I wouldn’t shoot doves with #9 shot much less a turkey. I’m trying to break head and neck bones. And sometimes at over 40 +yards. I’m also a waterfowl hunter and we have to use tungsten, hevi-Shot or Bismuth type loads that are readily available. Late season ducks and geese have heavy down feathers along with thick bones. And those hunting loads are bigger shot size. I would totally buy tungsten #9-12 Shot for snakes tho! Lol


----------



## garhtr

www.fieldandstream.com/ammo-review-tungsten-super-shot
It's all about ballistics , get something small but Heavy enough going fast enough and it's better than something big but light .
I'll never ( probably) use it but I certainly don't doubt it would be effective.

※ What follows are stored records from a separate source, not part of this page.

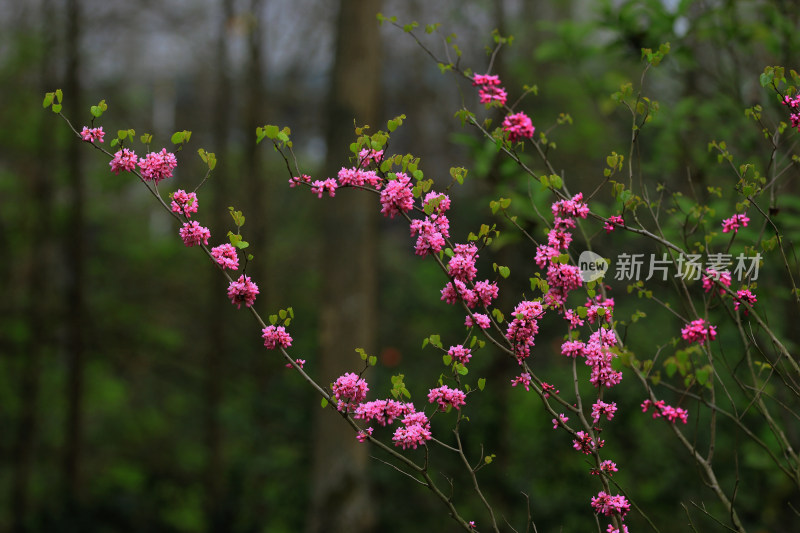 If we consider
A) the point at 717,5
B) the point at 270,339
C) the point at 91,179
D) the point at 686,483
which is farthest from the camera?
the point at 91,179

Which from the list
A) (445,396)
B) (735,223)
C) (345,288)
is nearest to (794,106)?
(735,223)

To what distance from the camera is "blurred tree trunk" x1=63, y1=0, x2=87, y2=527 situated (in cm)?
759

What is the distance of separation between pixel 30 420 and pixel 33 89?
12.2 feet

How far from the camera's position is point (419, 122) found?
35.1 feet

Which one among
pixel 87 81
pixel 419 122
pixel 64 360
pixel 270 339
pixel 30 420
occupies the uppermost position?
pixel 419 122

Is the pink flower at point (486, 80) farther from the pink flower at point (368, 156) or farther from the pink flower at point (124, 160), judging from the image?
the pink flower at point (124, 160)

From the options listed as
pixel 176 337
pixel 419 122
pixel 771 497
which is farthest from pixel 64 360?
pixel 771 497

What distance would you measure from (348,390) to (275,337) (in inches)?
8.2

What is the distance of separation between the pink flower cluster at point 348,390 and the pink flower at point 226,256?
361 millimetres

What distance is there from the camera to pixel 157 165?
5.72 feet

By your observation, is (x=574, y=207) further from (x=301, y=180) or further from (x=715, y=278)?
(x=301, y=180)

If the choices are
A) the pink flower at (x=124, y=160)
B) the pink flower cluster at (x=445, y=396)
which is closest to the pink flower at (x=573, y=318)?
the pink flower cluster at (x=445, y=396)

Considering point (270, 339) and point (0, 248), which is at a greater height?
point (0, 248)

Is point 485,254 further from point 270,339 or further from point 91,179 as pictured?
point 270,339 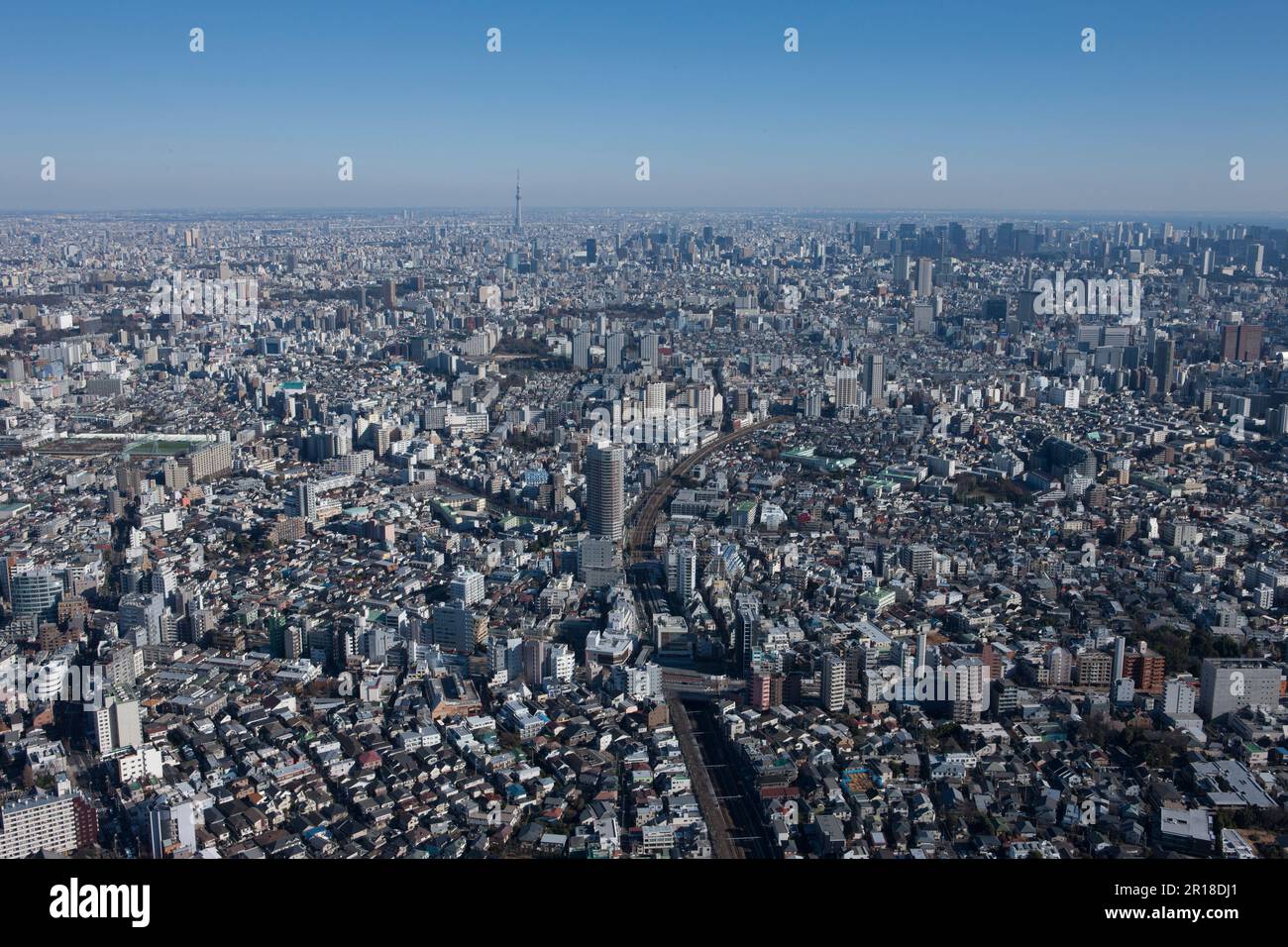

Could make a 410 or 28 ga lethal for youth hunters. Personally I'd have to see it on the pattern board first but ---


----------



## joekacz

bonemonger said:


> TSS#9 shot is a 50 yard plus turkey killing machine, have hand loaded 15/8 20 gauge loads for years. Some of you guys should do some research before you post


For the high cost of it,it would have to perform better than the turkey loads that are available or there would be no sense to get it. I would love to try it but just hard to justify the cost. If I reloaded then it might be somewhat cheaper. As for distance of lethal kill, my friend's buddy killed a bird with it 70yds., that's why I posted the question and now your saying the same thing he did. So there's,in my oplnlon,validity to this loads capabilities.Thank's for the info.


----------



## bobk

Old school #5’s still work. 40 yrds. Took a buddy out for his first longbeard on Saturday.Fun day in the woods. 2 came in around 11:15 and put in quite the show.


----------



## miked913

My wife killed this one Friday and shot it with federal 3rd degree, 20ga at 34 yds. It was interesting the #7 barely penetrated the skin while the copper #5's we're through the breast meat and against the breast bone. These different loads are supposed to do different things at different distance and I think it worked exactly as they say, I never did pick out a #6 flight stopper though but supposedly they're in there too. Either way he ain't getting any deader









Sent from my XT1585 using Tapatalk


----------



## joekacz

miked913 said:


> My wife killed this one Friday and shot it with federal 3rd degree, 20ga at 34 yds. It was interesting the #7 barely penetrated the skin while the copper #5's we're through the breast meat and against the breast bone. These different loads are supposed to do different things at different distance and I think it worked exactly as they say, I never did pick out a #6 flight stopper though but supposedly they're in there too. Either way he ain't getting any deadere
> 
> Sent from my XT1585 using Tapatalk


Great bird! Sometimes I think those mixed load's with the small shot In there are used for buffering instead of polymers. Either way what ever work's. Turkey hunter's want call's that work,fisherman want lures that catch fish and my wife want's me to stop spending money on the first two! Oh well my guess would be that the last one won't happen. Just my opinion.


----------



## Carpn

A buddy of mine has been using the TSS this yr . I guess the #9 weigh as much as number 5 or 6 lead ? Whatever the difference I can't bring myself to buy them at that cost . We will see next yr . Lol. I think they'd be a benefit for smaller gauges


----------



## miked913

My wife has tagged out with a youth 20ga. Out side in the woods, how are you guys doing?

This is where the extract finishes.